Is Oatmeal Good for Diabetes?

Yes! Oatmeal is good for you even if you have diabetes or prediabetes. Remember, there are no “good” or “bad” foods. Nutrition for reversing and preventing diabetes is largely about consuming the right portions and doing what I call – eating close to the earth.

But some folks have concerns about the glycemic effect (your body’s response to carbohydrates) of oatmeal on blood sugar. You may have heard other concerns related to glyphosate, digestion issues, and nutrient malabsorption. Depending on which source you listen to, it can be very complicated to sort through all of this information. In this post, I will try to clear up the myths, lay out the facts, and provide some healthy reasons to include oats into your diet.

Digesting Oatmeal and Nutrient Absorption

Cereal grains, including regular oats, have a natural compound called phytic acid. Phytic acid, or phytates, are known as anti-nutrients, meaning they bind to other nutrients (such as calcium, zinc, magnesium, and iron) and inhibit absorption during digestion. Phytates are formed during the maturation of many plant foods but they are predominantly found in grains, seeds, nuts, and legumes. Growing and harvesting practices can have an impact on the amount of phytic acid present in food when we eat them. In many underdeveloped countries, cereal grains are a major food component of daily life, making nutrient deficiency a public health concern. (2)

In most developed countries, nutrient deficiencies are not a concern, despite the presence of phytic acid. This is because most people eat a variety of foods in a variety of forms, making these nutrients available for absorption in the gut. That said, reducing the amount of phytic acid in your diet can have benefits – but it doesn’t mean you have to avoid oatmeal!

Sprouted oats have significantly less phytic acid than regular oats.(3) Soaking your oats for 12-24 hours can also effectively reduce the amount of phytic acid. There are many sources online for information on the soaking and sprouting process, but you may prefer just to buy sprouted oats. There are several different brands available for you to try – my favorite brand is One Degree.

Glycemic Effect

Studies show that eating oatmeal can have a positive effect on glucose control compared to a control meal. (1) This is largely due to the extra fiber (especially the B-glucan fiber) oats have to offer in a well balanced diet. You may have heard about the glycemic index which is a measure of how quickly foods can raise your blood sugar. Foods that are high in fiber generally have a lower glycemic index, making these foods better for preventing or reversing diabetes.


Glyphosate is a herbicide used in conventional agriculture on a wide variety of crops, including oats, just before harvest to dry them out. In a recent article by the EWG, they found reduced levels of glyphosate in many non-organic brands of oats from their previous studies. (5) Like all pesticides, it is best to try to eliminate your exposure as much as you can. To achieve this, it is recommended to eat organic products as much as possible and look for packaging labels that say “glyphosate-free” which indicates that the products was grown without harmful pesticides. It should be noted that glyphosate has been found in organic oats due to wind-blown residue from nearby crops. However these levels are generally very minimal to virtually undetectable.

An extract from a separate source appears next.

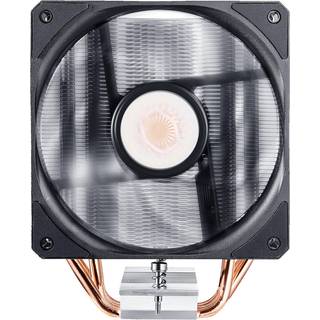 Cooler Master Hyper 212 Evo V2 Processor-køler 1-pack Sort Sølv 120 mm -> Forventet levering: 4-6 hverdage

(Bushels of!) Oatmeal Benefits

  • High in Fiber – Oats are high in fiber, specifically B-glucan which is a soluble and fermentable fiber that can help with making you feel full longer. The Academy of Nutrition and Dietetics (AND) recommends at least 25 grams of fiber per day. Studies show that foods high in fiber are good for preventing incidents of diabetes, aids in weight loss, and reduces the risk of cardiovascular disease.
  • Improves insulin sensitivity – Studies show that the B-glucan in oatmeal improves glucose intolerance and insulin sensitivity (1). Why is this good for reversing and preventing diabetes? The more responsive your cells are to insulin, the lower your blood sugar will be! 
  • Easy Meal Prep – Oats are a great food to meal prep! One of the best ways to stay on track with any health goal is to plan, plan, plan. Overnight oats are a great way to plan ahead for a nutritious and satisfying breakfast (or any meal!). I’ve tried this recipe many times with fantastic results!

Final Thoughts

Oats are a good source of fiber, especially b-glucan, vitamins, minerals, and protein. As part of a balanced diet, oats can help decrease overall blood sugar, aid in weight loss, and decrease cholesterol levels. (4) Organic oats are a good choice to reduce exposure to harmful chemicals and support sustainable farming practices. At the end of the day, I recommend you start your day with a nutritious bowl of oats (no added sugar!!) and reap the benefits of this wonderful grain!